AFRICAN MIRROR REPORTER
FORMER South African president Jacob Zuma’s legal woes mounted after he failed in his attempt to overturn a high court ruling that stopped the state from paying for his legal fees for his corruption trial.
Five judges of the Supreme Court of Appeal (SCA) today dismissed Zuma’s appeal, he must now pay back an estimated R16-million in legal fees incurred by the state. Zuma went to the SCA after the Gauteng High Court found that there was no sound legal basis for the state to pay for his defence in the corruption trial where he faces over 800 charges.
The SCA also punished Zuma for his attack on judges who presided over the matter in the Gauteng High Court and slapped him with punitive costs. The court found that Zuma there was no basis to sustain Zuma’s accusation that Deputy Judge President Aubrey Ledwaba, Judge Pieter Meyer and Judge Elizabeth Kubushi were biased against him.
In dismissing Zuma’s appeal, the SCA found that if the state was burdened with the high legal costs of public office bearers who were charged with such crimes, the taxpayer bears the burden.
The court that it would be just and equitable for the former president to pay back all the money spent on his legal fees. The State attorney would determine the exact amount.

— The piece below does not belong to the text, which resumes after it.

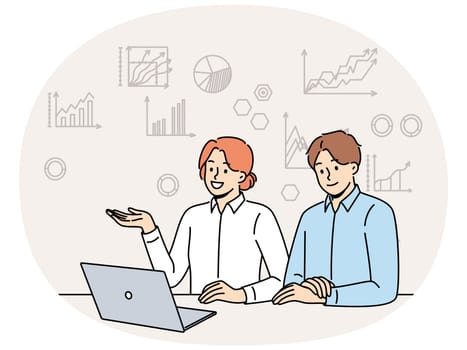 Business people are sitting at table with laptop, studying financial charts and graphs and using CRM software. Man and woman are participating in online meeting or discussing business indicators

“Poor communities also continue to be denied access to essential services, as the state’s resources are being diverted to funding the defence of public office beares charged with such crimes, in this instance financially litigated on a most luxurious scale,” the ruling said.
The judges of the SCA said the repayment order was a necessary remedy to the abuse of public resources.
The order was also essential to vindicate the rule of law, reaffirm the constitutional principles of accountability and transparency, “especially by a former incumbent of the highest office in the land”.